Genetic and Demographic Implications of the Bantu Expansion: Insights from Human Paternal Lineages

Gemma Berniell-Lee*, Francesc Calafell*,{dagger}, Elena Bosch*,{dagger}, Evelyne Heyer{ddagger}, Lucas Sica§, Patrick Mouguiama-Daouda||, Lolke van der Veen, Jean-Marie Hombert, Lluis Quintana-Murci# and David Comas*,{dagger}

* Institute of Evolutionary Biology (CSIC-UPF), CEXS-UPF-PRBB, Barcelona, Catalonia, Spain
{dagger} CIBER de Epidemiología y Salud Pública, Spain
{ddagger} Muséum National d'Histoire Naturelle—Centre National de la Recherche Scientifique-P7 Unité Mixte de Recherche 5145, Eco-Anthropologie, Musée de l'Homme, Paris, France
§ Centre International de Recherches Médicales de Franceville, Franceville, Gabon
|| Université Omar Bongo, Libreville, Gabon
Laboratoire Dynamique du Langage, Unité Mixte de Recherche 5596, Institut des Sciences de l'Homme, Lyon, France
# Human Evolutionary Genetics Unit, Centre National de la Recherche Scientifique URA3012, Institut Pasteur, Paris, France

E-mail: david.comas{at}upf.edu.

Accepted for publication March 30, 2009.

The expansion of Bantu languages, which started around 5,000 years before present in west/central Africa and spread all throughout sub-Saharan Africa, may represent one of the major and most rapid demographic movements in the history of the human species. Although the genetic footprints of this expansion have been unmasked through the analyses of the maternally inherited mitochondrial DNA lineages, information on the genetic impact of this massive movement and on the genetic composition of pre-Bantu populations is still scarce.

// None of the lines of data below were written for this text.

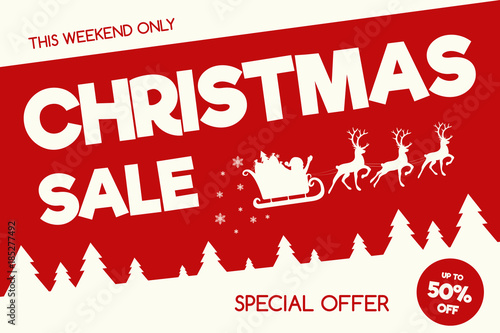 Christmas Sale - banner in retro style. Vector.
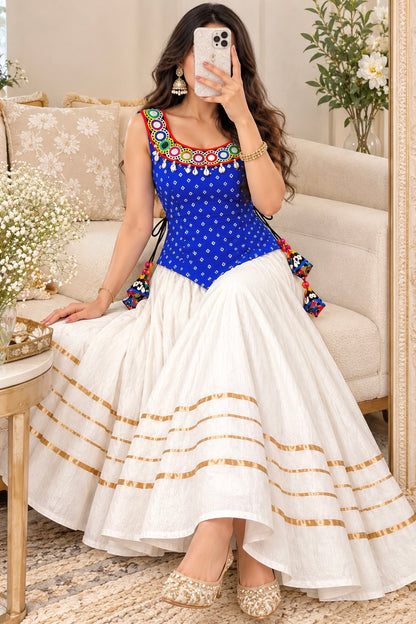 Royal Blue Bandhej Embroidered Top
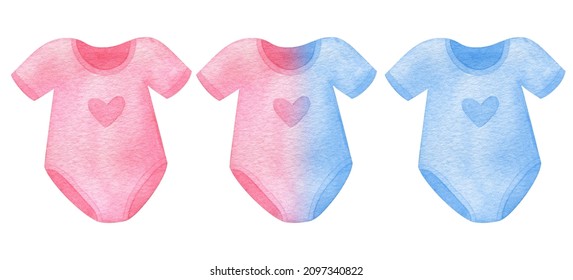 Baby Blue Bodysuit With A Heart Isolated On A White Background. Cute Infant Clipart, Newborn Baby Clothes, Gender Reveal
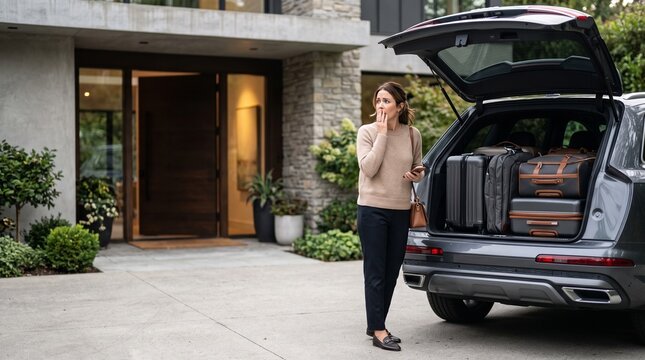 Woman loading car for travel near modern home. A woman stands next to the open trunk of a car filled with luggage, seemingly preparing for a journey and thinking if she forget something.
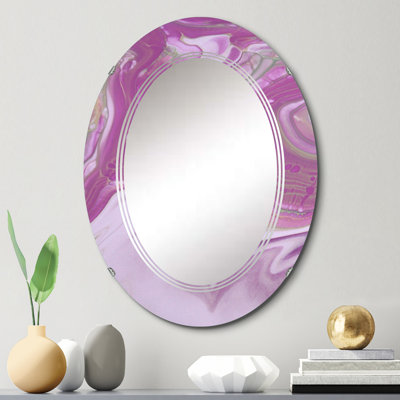 «Pink Marble Waves I» - Miroir mural moderne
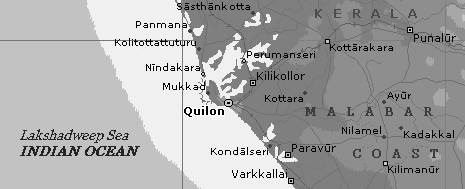 Karte: Stadt
                    Quilon an der Malabark�ste von Indien India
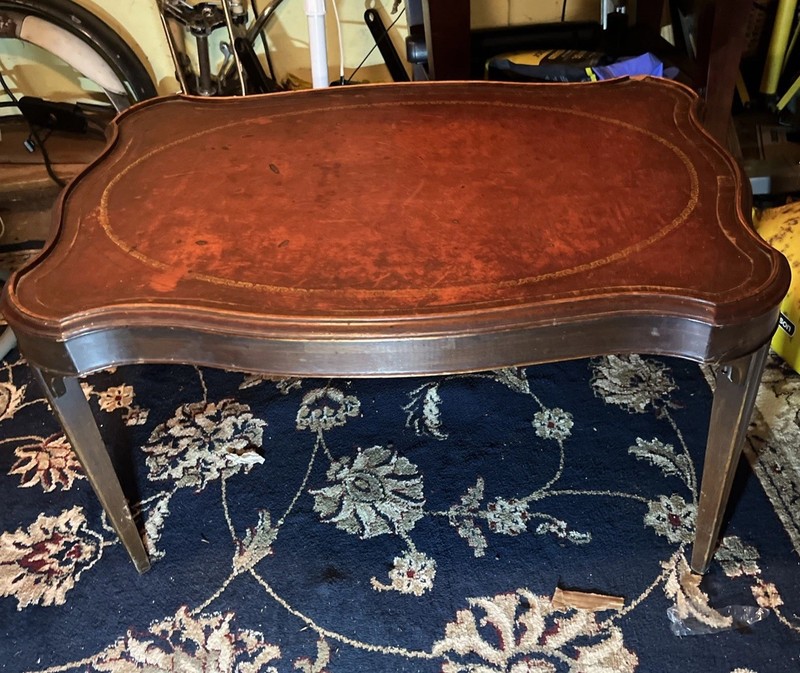 Vintage Mahogany Louis XV Style Table with Red Brown Gold Embossed Leather Top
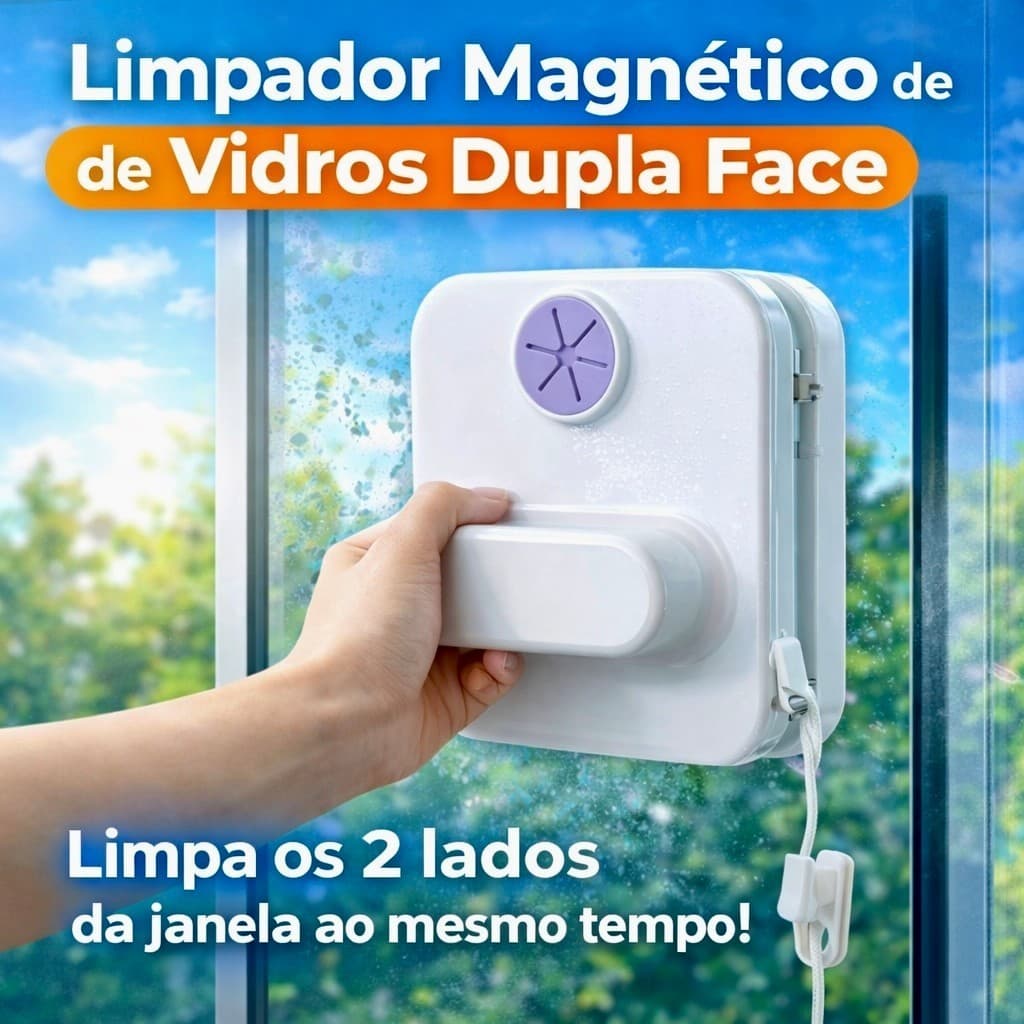 Limpador De Vidro Magnético Duplo Lado Limpa Dentro E Fora Ao Mesmo Tempo Esponja Rodo Magnético Limpeza Rápida Prático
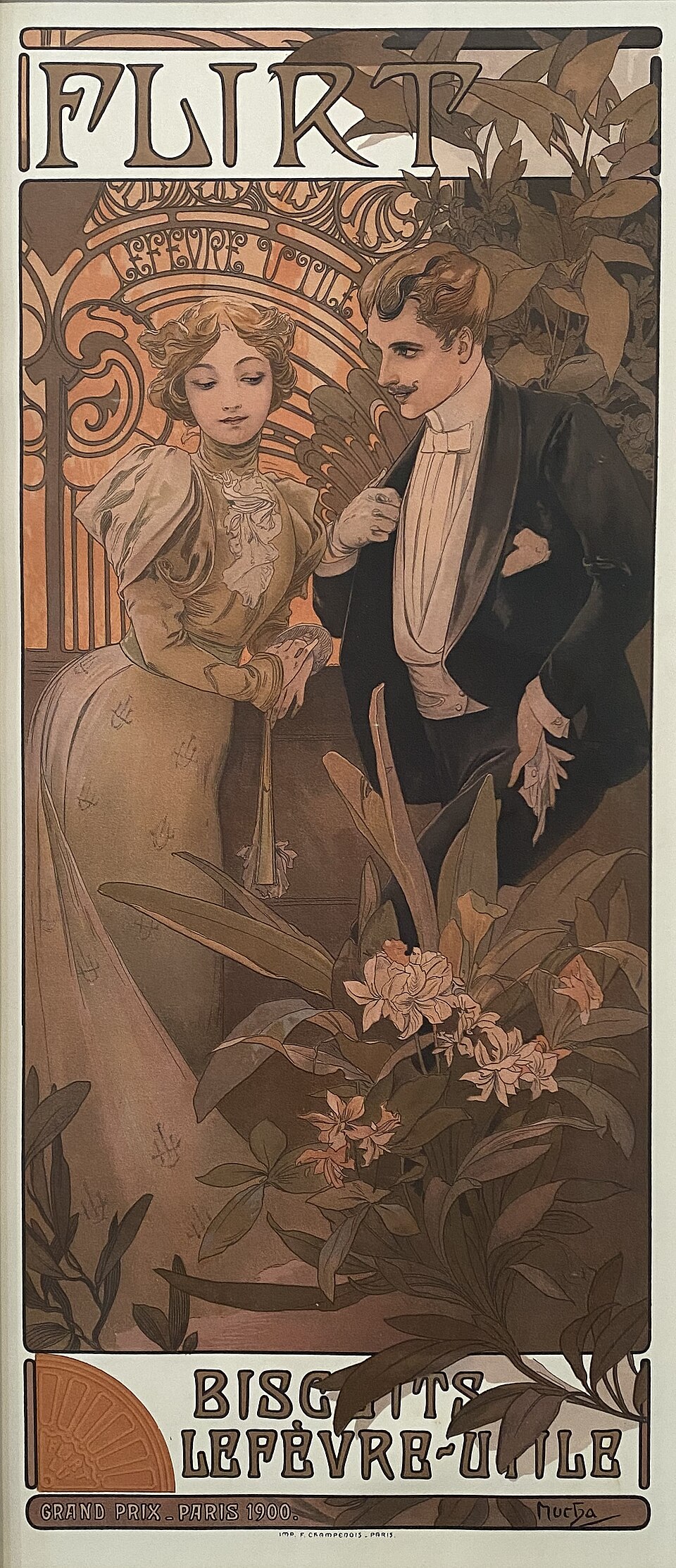 Flirt biscuits (vers 1899) par Alphonse Mucha dans l'exposition La Belle Époque de l’Art nouveau au musée de Pully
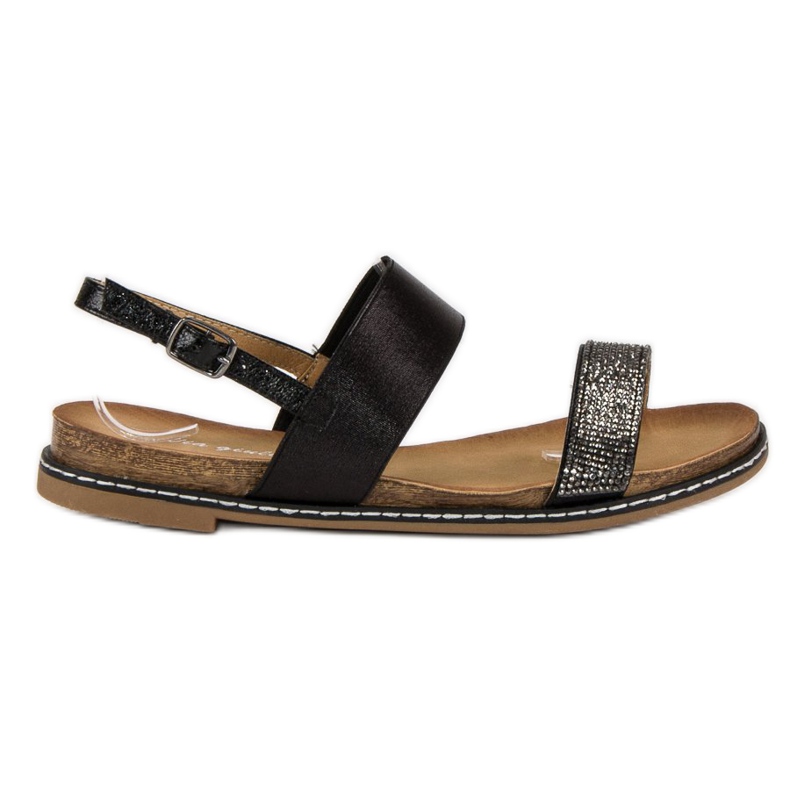 Via Giulia  Sandalias planas con hebilla negro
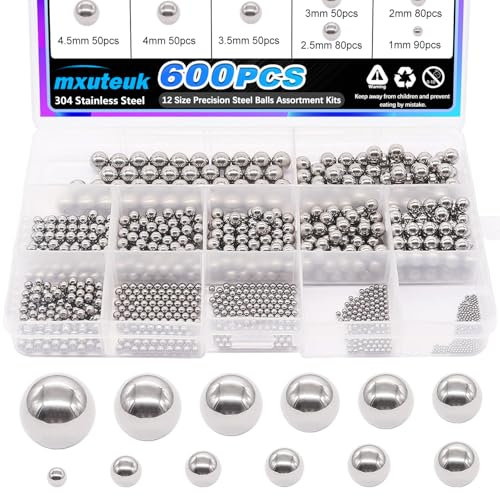 mxuteuk 600pcs 12 Größe Edelstahl Präzisionsstahlkugeln 1-8mm Metrische Fahrradlagerkugeln Klassifizierung Kit Mischkugeln 1mm 2mm 2.5mm 3mm 3.5mm 4mm 4.5mm 5.5mm 6mm 7mm 8mm K-085-600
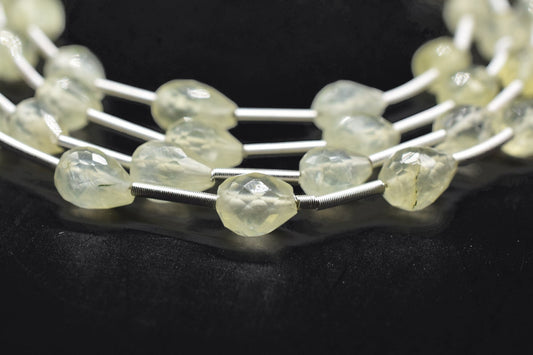 Prehnite 6x8mm Drop Briolettes,Prehnite drops strand,Jewelry making beads,Supplies beads,Prehnite drop shape Briolettes strand,Prehnite gift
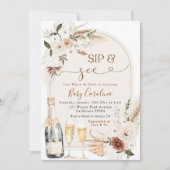 Ivoor Beige Boho Bloemen Sip en Zie Baby shower Kaart (Voorkant)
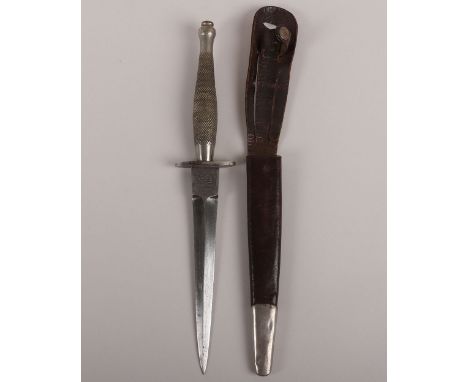 WW2 British 1st Pattern Fairbairn Sykes FS Commando knife by Wilkinson Sword, nickel plated example with steel ‘S’ shaped cro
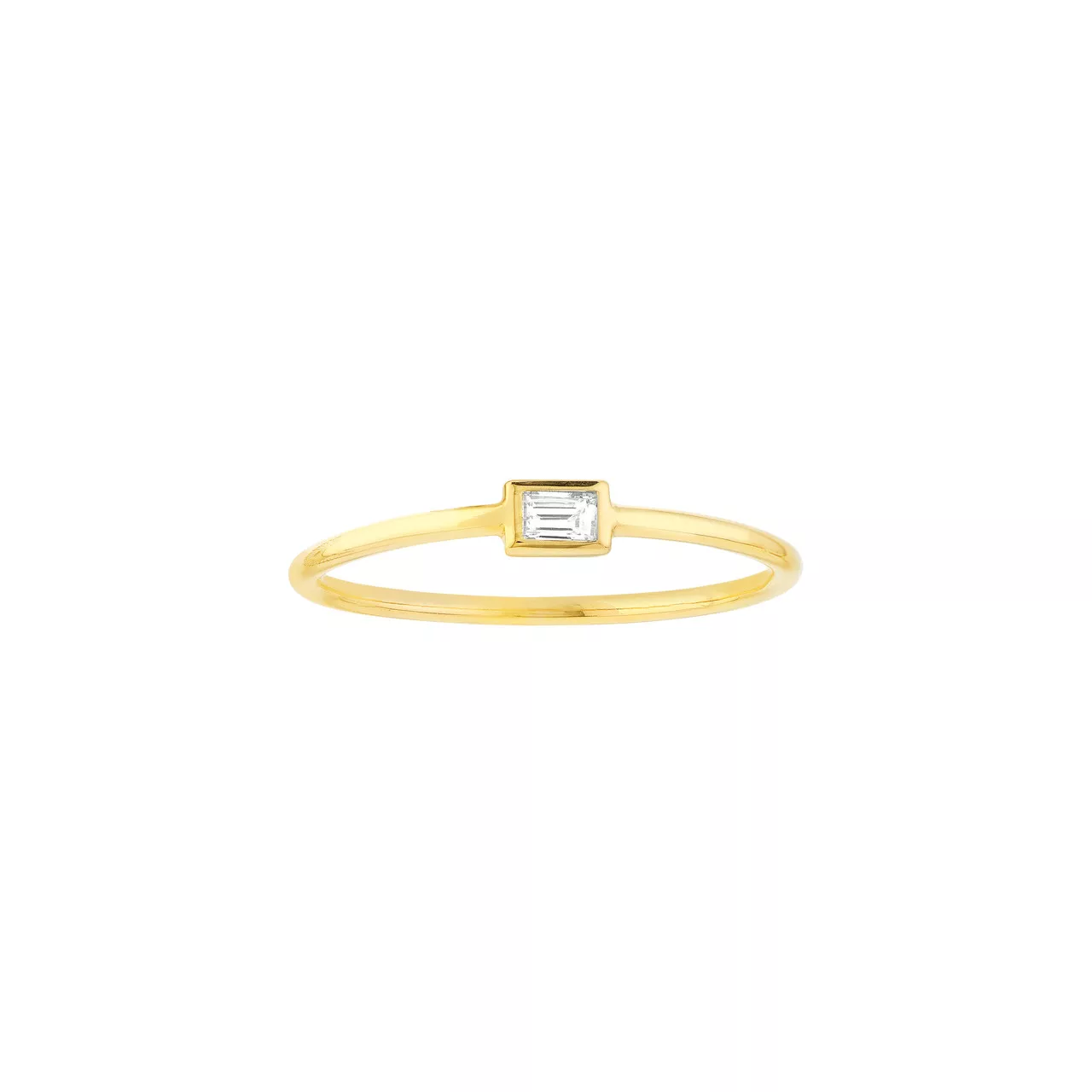 1 /10ct Baguette Diamond Bezel Ring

Here, we analyze an extensive collection of Y-chromosome markers—41 single nucleotide polymorphisms and 18 short tandem repeats—in 883 individuals from 22 Bantu-speaking agriculturalist populations and 3 Pygmy hunter-gatherer populations from Gabon and Cameroon. Our data reveal a recent origin for most paternal lineages in west Central African populations most likely resulting from the expansion of Bantu-speaking farmers that erased the more ancient Y-chromosome diversity found in this area. However, some traces of ancient paternal lineages are observed in these populations, mainly among hunter-gatherers. These results are at odds with those obtained from mtDNA analyses, where high frequencies of ancient maternal lineages are observed, and substantial maternal gene flow from hunter-gatherers to Bantu farmers has been suggested. These differences are most likely explained by sociocultural factors such as patrilocality. We also find the intriguing presence of paternal lineages belonging to Eurasian haplogroup R1b1*, which might represent footprints of demographic expansions in central Africa not directly related to the Bantu expansion.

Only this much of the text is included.